Required action: Everything in the data gets repeated exactly, except for the pictures.

Given data:
--------------------------------

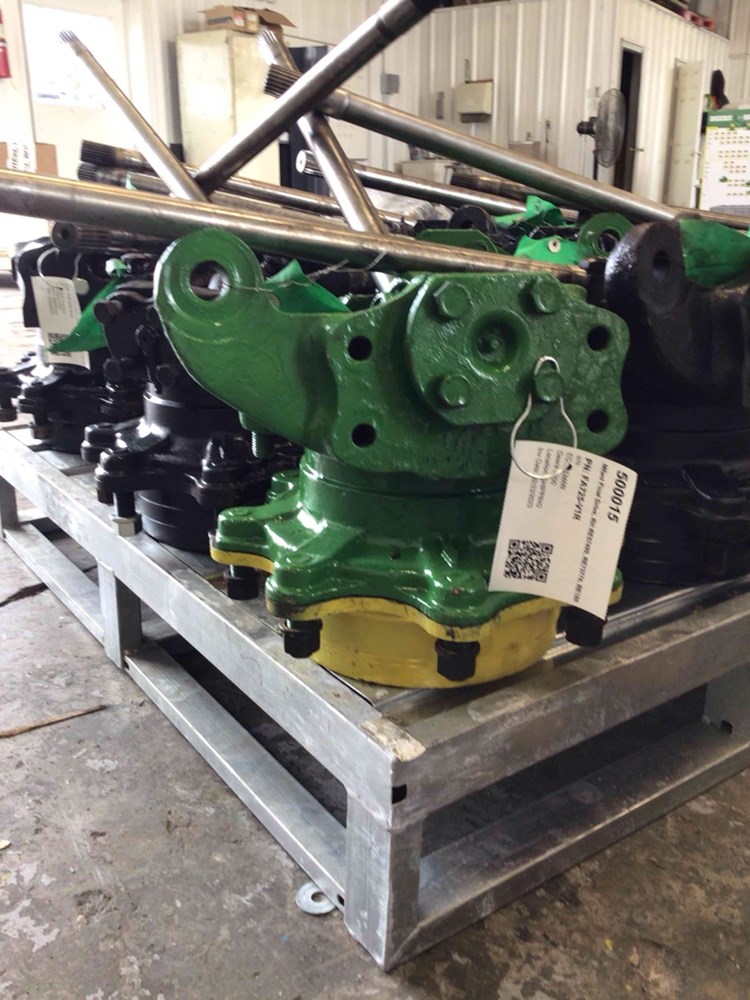 Deere 5300, 5200, 5400, 5500, 5210, 5310, 5410, 551, 5220, 5320, 5420, 5520 V1 Standard RH Final Drive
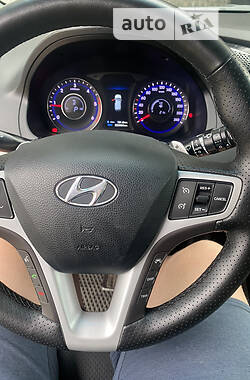 Универсал Hyundai i40 2014 в Сарнах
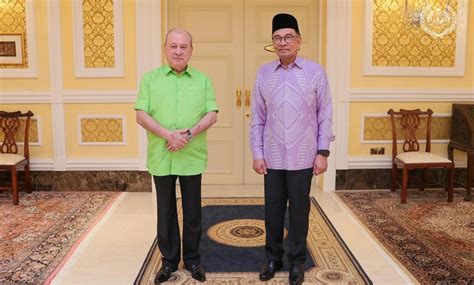 Yang Di Pertuan Agong Sultan Ibrahim Terima Menghadap PM Anwar Di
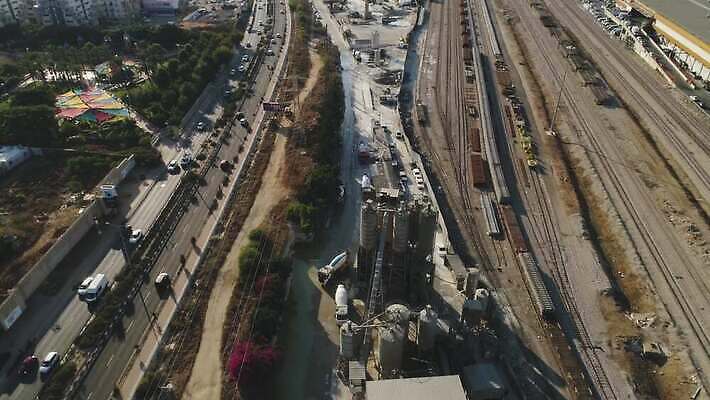 외관 공공시설 산업 모래 공장 교통시설 노동자 안테나 사람없음 건물 항구 기계 장비 건설현장 공구 업무 작업 제조 컨테이너 땅 믹서 창고 준비 시설 시멘트 먼지 짐차 무거움 공학 물류 계약자 드론 로딩 분배 섞기 채석 철강 컨베어밸트 콘크리트 4K MOV 해외동영상 클립영상 직업 건축물 교육 교통 통신 공업 자동차 건설업 도구 무게 계약 동영상 파일형식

--------------------------------

Output for this exercise:
 Deere 5300, 5200, 5400, 5500, 5210, 5310, 5410, 551, 5220, 5320, 5420, 5520 V1 Standard RH Final Drive
 Универсал Hyundai i40 2014 в Сарнах
 Yang Di Pertuan Agong Sultan Ibrahim Terima Menghadap PM Anwar Di
 외관 공공시설 산업 모래 공장 교통시설 노동자 안테나 사람없음 건물 항구 기계 장비 건설현장 공구 업무 작업 제조 컨테이너 땅 믹서 창고 준비 시설 시멘트 먼지 짐차 무거움 공학 물류 계약자 드론 로딩 분배 섞기 채석 철강 컨베어밸트 콘크리트 4K MOV 해외동영상 클립영상 직업 건축물 교육 교통 통신 공업 자동차 건설업 도구 무게 계약 동영상 파일형식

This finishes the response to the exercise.